A bit of a whirlwind trip but a really fabulous one at that!


OUR EXPERIENCE OF THE KANGAROO ISLAND WILDERNESS TRAIL

Fire recovery of the Flinders Chase National Park area is now in its fourth year, and the recovery is nothing short of incredible. The national park was green, lush and abundant in flowers, shrubs and with a surprising regrowth of trees.

We just loved seeing the national park in such beautiful, vibrant splendour at this point in its recovery.

Rocks covered in coastal succulents and shrubs

Despite the lack of rain, we both thought it was the perfect time to do this hike and see how magnificently the plants are regenerating after the devastating fires.

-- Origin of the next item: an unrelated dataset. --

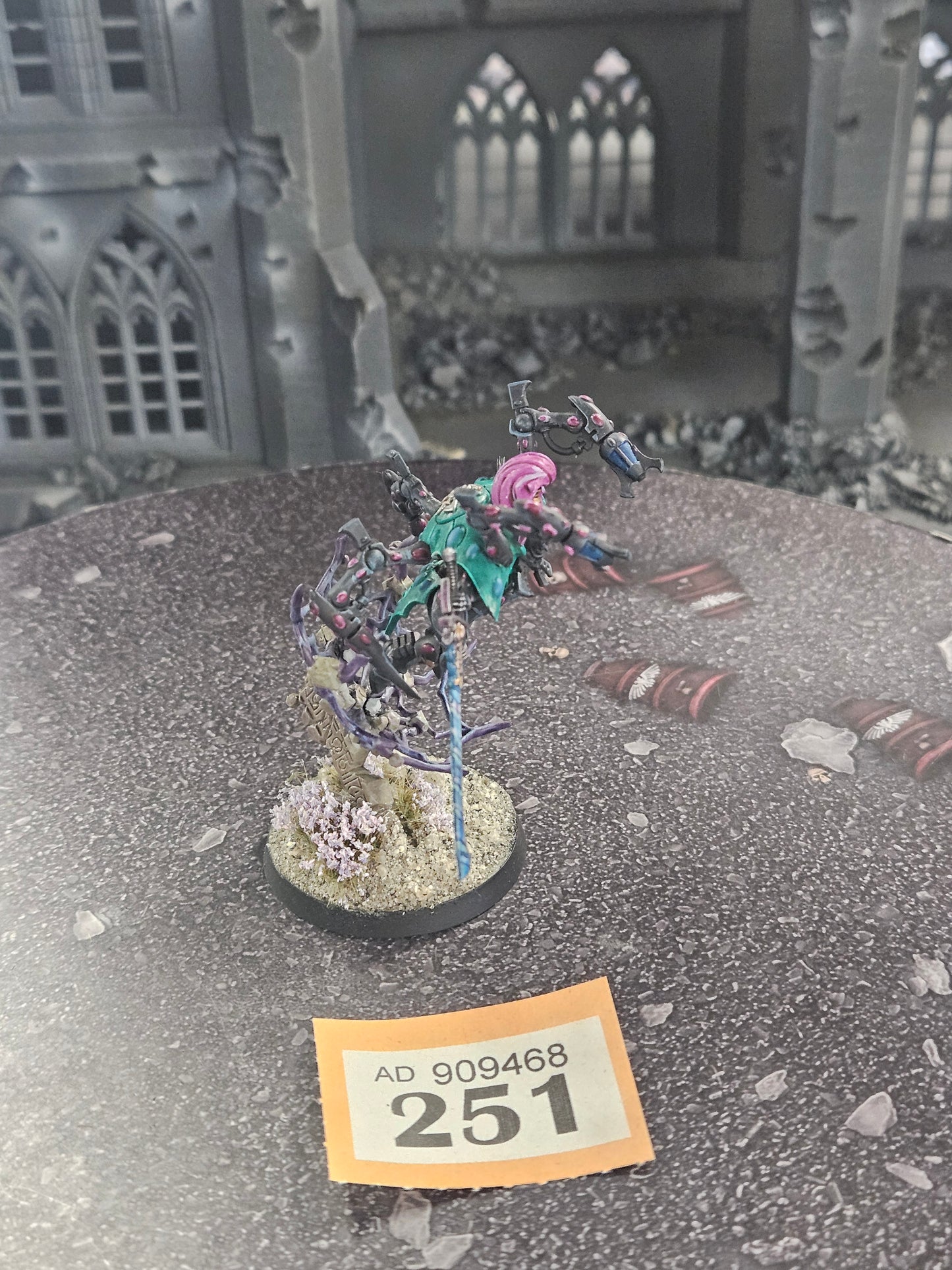 Lhykhis #251 Aeldari Warhammer 40k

There are still signs of charred tree trunks, fallen logs and dead tree tops but in a few years, these will all be gone, and green (or maybe brown from drought) will have taken over.

This was probably the biggest fallen tree on the trail, most of which you’ll come across on the last two days

When planning, keep in mind that the KIWT is a very exposed track, and apart from the first and last days, there is very little sun (or rain/wind) protection.

CAMPGROUND FACILITIES

A quick word on the campground facilities before I get into more details about the trail.

The campgrounds cater both to individual hikers and guided group hikers. Only 12 each are allowed to stay a night, and there are separate campsite sections for each group. Shelters and toilets are shared by all.

Signage at Hakea Campground

None of the campgrounds are in scenic locations. They have been chosen for what seems like easy access for servicing and perhaps to keep you out of the wind. You don’t do the KIWT for its grand views from the campsites, that’s for sure.

CAMPSITES

The facilities, however, are absolutely fabulous except for … the gravel-based tent pads. Whoever thought that a rough gravel base suitable for caravans or camper trailers is suitable for hiking tents should be handing out cash to every hiker so we can all buy new tents.

A typical tent pad – it might look soft but the ground is rock hard and full of small, sharp pebbles waiting to pierce your tent

Even with our footprint – and having camped in rather rocky sites on the Larapinta last year – we felt very iffy about camping on these pads. Without a footprint, we would have been very unhappy hikers I suspect.

Fortunately, there are also some tent platforms, which make for a much nicer surface, but the problem is that there aren’t enough, or they’re not in the ‘self-guided’ (= individual) hikers section but in the ‘tour group’ section.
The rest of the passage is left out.